I’m getting a lot of mileage just using the nearby bike trails. I ride out to the park almost every day to fly. The two most common spots that I fly aren’t far away. One is a 1.5 mile round trip, the other is less than half that distance.

One of those spots can’t be reached by car. If we drove, we’d have to walk at least 1,500 feet. That’s at least five minutes of walking while carrying all our gear—my backpack full of drone gear is nearly 30 pounds! None of us want to walk. We want to fly—we do enough walking when we crash.

Does the Hover-1 XLS really have a 15 mile range?

Not in my experience. One day, I decided to see just how far my city’s bike trails actually go.
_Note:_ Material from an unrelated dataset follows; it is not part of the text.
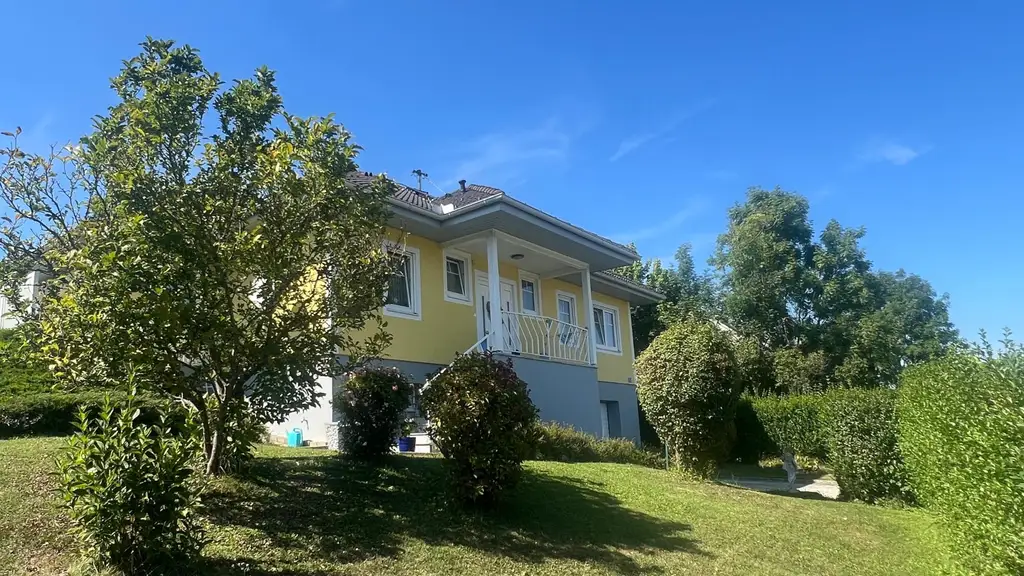 Schönes Einfamilienhaus mit vielen Extras!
The maps around the park claim there are six or seven miles worth of trails. I didn’t take a direct route, though. I explored several dead ends, and I didn’t start with a full battery—I had taken a 1.5 mile trip from the day before, and I didn’t charge the battery.

I crossed under a highway about six miles into my journey. When I looked up, I could see the sign stating that the folks heading north were about to cross into the next city. The path crossed underneath the freeway, and I was able to follow the path south for about a quarter mile. That’s when I decided to turn around to head home—I hadn’t even flown any of my quads yet!

I made it another two or three miles before I ran out of battery. I was surprised, because the display claimed I still had nearly half my battery remaining. I had to push the bike nearly half a mile and wait for my wife to come pick me up. It was 98 degrees outside that day. Pushing this bike in the sun was not fun! Especially since I was hunched over the handlebars while being weighed down by my heavy backpack.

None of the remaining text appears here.